The Next Karate Kid (June 24/10)
Though perhaps a mild improvement over its immediate predecessor, The Next Karate Kid is nevertheless a weak sequel that boasts few compelling attributes aside from Pat Morita's expectedly stirring turn as Mr. Miyagi. The film, which picks up several years after the events of the third installment, follows Miyagi as he agrees to mentor a sullen teenager (Hilary Swank's Julie Pierce) who's been acting out since the death of her parents, with the movie subsequently (and primarily) detailing the mentor/protégé relationship that ensues between the two disparate individuals.
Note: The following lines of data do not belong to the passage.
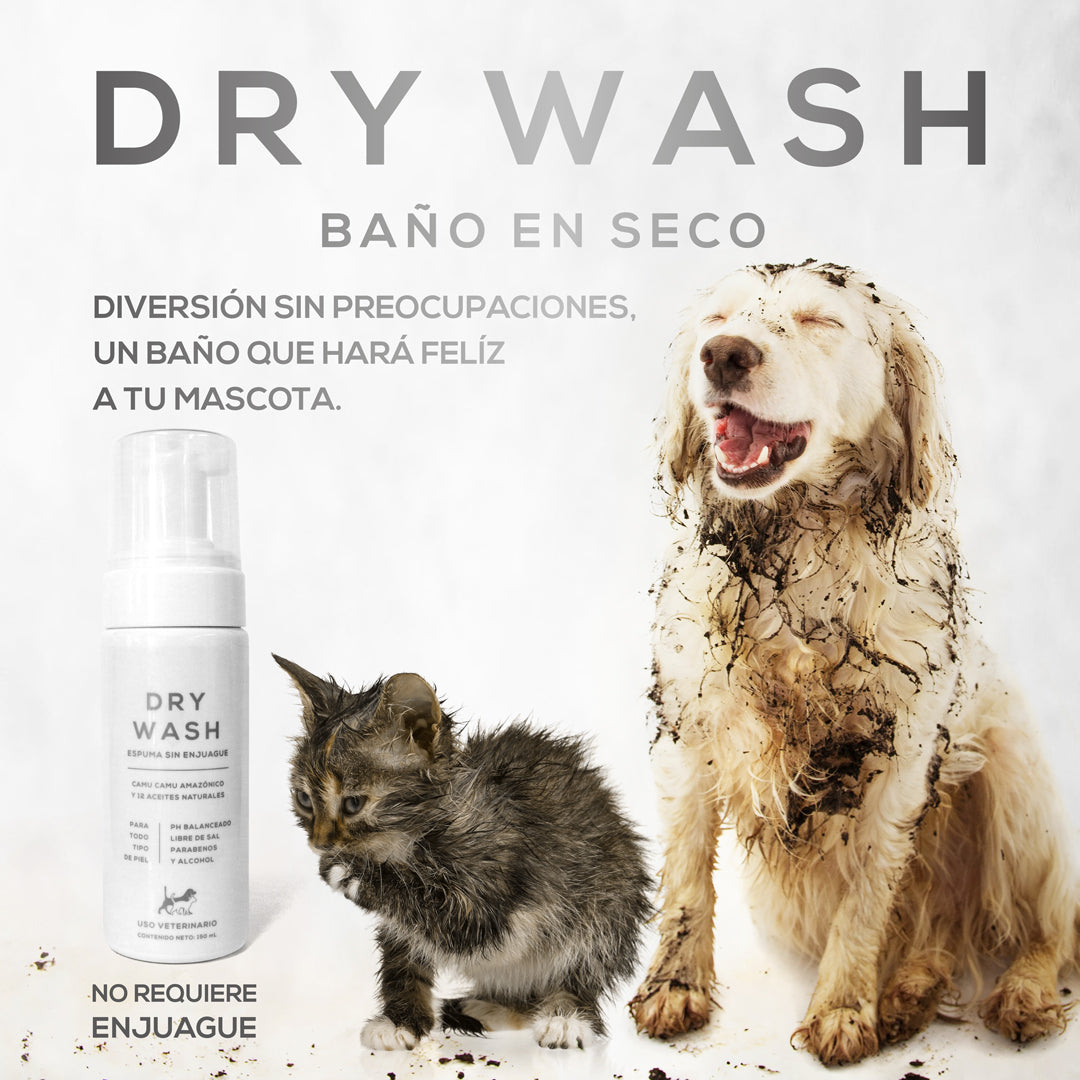 RENOVAPET DRY WASH BAÑO EN SECO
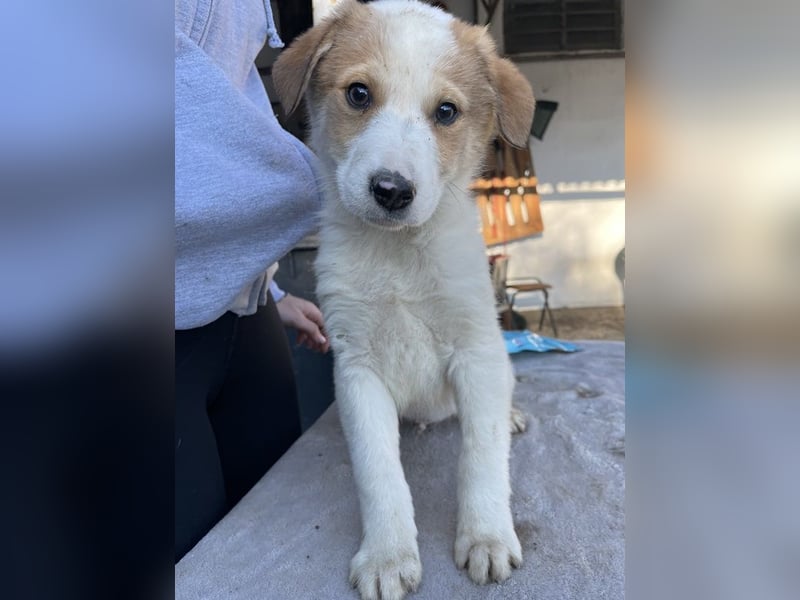 Chico, geb. ca. 10/2024, lebt in GRIECHENLAND, im städt. Tierheim Serres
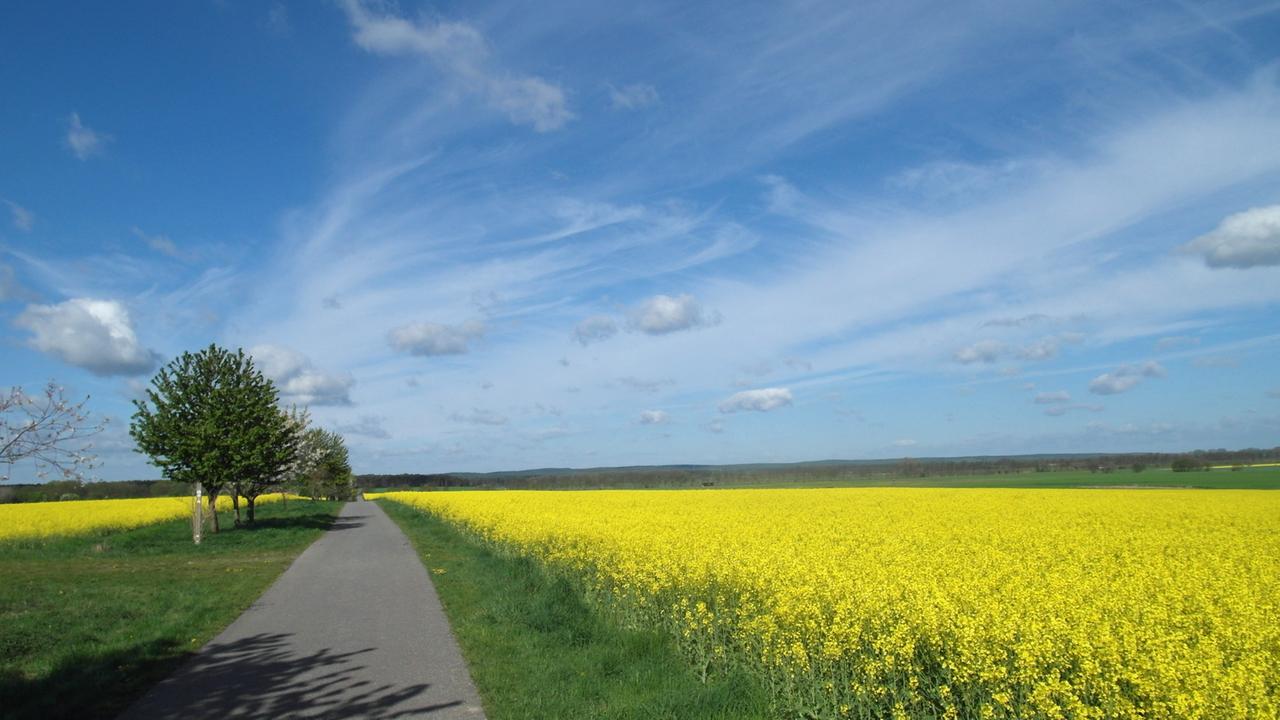 Der Autor Jörn Klare wandert nach Hause - quer durchs Land. Der Autor Jörn Klare wandert nach Hause - quer durchs Land.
As expected, The Next Karate Kid has been infused with a host of time-wasting elements (ie Miyagi teaches Julie how to dance, Miyagi and Julie are visited by a group of quirky monks, etc) designed to compensate for the thin storyline - with the decidedly far-from-enthralling atmosphere exacerbated by a pace that's almost excessively deliberate. There is, as a result, never a point at which the viewer is able to work up any real enthusiasm or interest in the characters' exploits, which is undoubtedly rather disappointing given the strength of the performances and the inevitable confrontation that closes the proceedings. The end result is a repetitive sequel that seems unlikely to appeal to either fans of the series or newcomers to the Karate Kid universe, with the film's most egregious failing undoubtedly its refusal to update the viewer on just what happened to Ralph Macchio's character.